Cute joke. The really funny thing is that right wing attitudes are correlated with lower intelligence and less education.


----------



## humble_pie (Jun 7, 2009)

guys tis the season to be jolly. Perhaps a dollop of happiness, gifts, joy, affection & tolerance? at least a dollop, if cannot manage the whole plum pudding.

i was no fan of the former PM. I was ecstatic when the nation, particularly the nation's youth, voted in a sweeping change.

but perhaps we could take a leaf from obama's first inauguration day, in january 2009.

there was a little ceremony where the outbound president said good-bye & best wishes to the new First Couple. George Bush was smiling, genial, cordial & gracious as he shook Barack Obama's hand. It was a loyal show of all-party devotion to the American supreme eagle.

but when Bush came to say good-bye to Michelle Obama, something unusual happened. The Bush smile increased, became personal, glowed like a favourite cousin. I'm no lip-reader so i couldn't see what he was saying to Michelle. But i could read what she was saying, as she embraced the outgoing president in farewell. Thank you, Michelle kept repeating. Thank you, thank you, thank you. Her sincerity was overpowering.


----------



## GoldStone (Mar 6, 2011)

andrewf said:


> Cute joke. The really funny thing is that right wing attitudes are correlated with lower intelligence and less education.


Social right wing attitudes - yes. 

Fiscal right wing attitudes - I'm not convinced. Please cite some evidence.


----------



## andrewf (Mar 1, 2010)

I think the truth is a bit more complex than that, and the science is far from settled. However, it is fair to say that an unintelligent person is more likely to be conservative in their political outlook than liberal. There is evidence that suggests that intelligent people are more likely to be moderate rather than dogmatically supporting either ideological extreme.


----------



## fatcat (Nov 11, 2009)

andrewf said:


> Cute joke. The really funny thing is that right wing attitudes are correlated with lower intelligence and less education.

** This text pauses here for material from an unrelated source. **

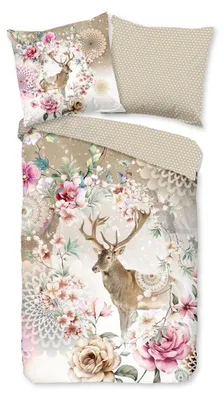 Produktbild von Traumschloss Comfort Flanell Bettwäsche - Geonna - winterlicher Hirsch mit Mandalas und Blumen 155 x 220 cm winterlicher Hirsch mit Mandalas und Blumen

i'm almost certain that those studies were done by people with left-wing attitudes :hopelessness:


----------



## fatcat (Nov 11, 2009)

andrewf said:


> I think the truth is a bit more complex than that, and the science is far from settled. However, it is fair to say that an unintelligent person is more likely to be conservative in their political outlook than liberal. There is evidence that suggests that intelligent people are more likely to be moderate rather than dogmatically supporting either ideological extreme.


oh lord, this is a minefield ...what is "conservative", how can it possibly be measured .... there are multiple kinds of "intelligence" ...which one are you talking about ?


----------



## andrewf (Mar 1, 2010)

Generally, people mean IQ when they refer to intelligence. Yes, IQ only measures one aspect of intelligence. I encourage you to commission research on political attitudes as they relate to other measures of intelligence.


----------



## fatcat (Nov 11, 2009)

andrewf said:


> Generally, people mean IQ when they refer to intelligence. Yes, IQ only measures one aspect of intelligence. I encourage you to commission research on political attitudes as they relate to other measures of intelligence.

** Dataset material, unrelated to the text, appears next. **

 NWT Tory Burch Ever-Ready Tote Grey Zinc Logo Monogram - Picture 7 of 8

no need andrew, my research tells me that people who vote like i do are the intelligent ones :biggrin:

more seriously, academics are fairly predictably left-wing, even if the studies were well designed, the whole notion is a minefield

my own belief is that "conservative" and "progressive" (they could be likened to "adventure-seeking" and "cautious") traits may well be inborn, we just don't know

i don't see how we even come close to defining those very broad concepts

in some ways the whole idea comes perilously close to being "quasi-eugenicist"where those who are "intelligent" conduct the studies to prove that those of us who we define as "not intelligent", are not up to sharing our progressive forward vision of the world


----------



## andrewf (Mar 1, 2010)

I am closer to a classical liberal than a progressive (the safe space/trigger warning/microaggression/anti-capitalist crowd).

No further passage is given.